→ **YOUR INSTRUCTIONS**
Repeat each line of the material word for word.
- - -
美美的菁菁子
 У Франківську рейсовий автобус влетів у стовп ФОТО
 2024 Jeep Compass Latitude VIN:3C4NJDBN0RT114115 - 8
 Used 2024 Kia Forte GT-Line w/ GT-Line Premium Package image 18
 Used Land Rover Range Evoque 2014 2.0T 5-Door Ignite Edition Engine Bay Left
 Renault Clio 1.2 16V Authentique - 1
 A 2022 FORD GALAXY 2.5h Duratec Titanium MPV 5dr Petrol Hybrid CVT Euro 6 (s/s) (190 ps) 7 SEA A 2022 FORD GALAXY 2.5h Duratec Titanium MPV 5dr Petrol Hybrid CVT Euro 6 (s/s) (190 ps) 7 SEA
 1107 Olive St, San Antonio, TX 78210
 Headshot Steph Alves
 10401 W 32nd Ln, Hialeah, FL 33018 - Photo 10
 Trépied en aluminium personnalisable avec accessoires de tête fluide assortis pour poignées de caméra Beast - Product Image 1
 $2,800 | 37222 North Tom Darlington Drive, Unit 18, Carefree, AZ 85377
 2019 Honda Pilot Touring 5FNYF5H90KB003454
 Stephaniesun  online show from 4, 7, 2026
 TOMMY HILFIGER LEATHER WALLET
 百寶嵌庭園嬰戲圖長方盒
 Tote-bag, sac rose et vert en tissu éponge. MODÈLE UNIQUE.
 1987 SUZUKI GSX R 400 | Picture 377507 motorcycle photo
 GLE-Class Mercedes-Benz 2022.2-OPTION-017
- - -
→ **COMPLETED EXERCISE**
美美的菁菁子
 У Франківську рейсовий автобус влетів у стовп ФОТО
 2024 Jeep Compass Latitude VIN:3C4NJDBN0RT114115 - 8
 Used 2024 Kia Forte GT-Line w/ GT-Line Premium Package image 18
 Used Land Rover Range Evoque 2014 2.0T 5-Door Ignite Edition Engine Bay Left
 Renault Clio 1.2 16V Authentique - 1
 A 2022 FORD GALAXY 2.5h Duratec Titanium MPV 5dr Petrol Hybrid CVT Euro 6 (s/s) (190 ps) 7 SEA A 2022 FORD GALAXY 2.5h Duratec Titanium MPV 5dr Petrol Hybrid CVT Euro 6 (s/s) (190 ps) 7 SEA
 1107 Olive St, San Antonio, TX 78210
 Headshot Steph Alves
 10401 W 32nd Ln, Hialeah, FL 33018 - Photo 10
 Trépied en aluminium personnalisable avec accessoires de tête fluide assortis pour poignées de caméra Beast - Product Image 1
 $2,800 | 37222 North Tom Darlington Drive, Unit 18, Carefree, AZ 85377
 2019 Honda Pilot Touring 5FNYF5H90KB003454
 Stephaniesun  online show from 4, 7, 2026
 TOMMY HILFIGER LEATHER WALLET
 百寶嵌庭園嬰戲圖長方盒
 Tote-bag, sac rose et vert en tissu éponge. MODÈLE UNIQUE.
 1987 SUZUKI GSX R 400 | Picture 377507 motorcycle photo
 GLE-Class Mercedes-Benz 2022.2-OPTION-017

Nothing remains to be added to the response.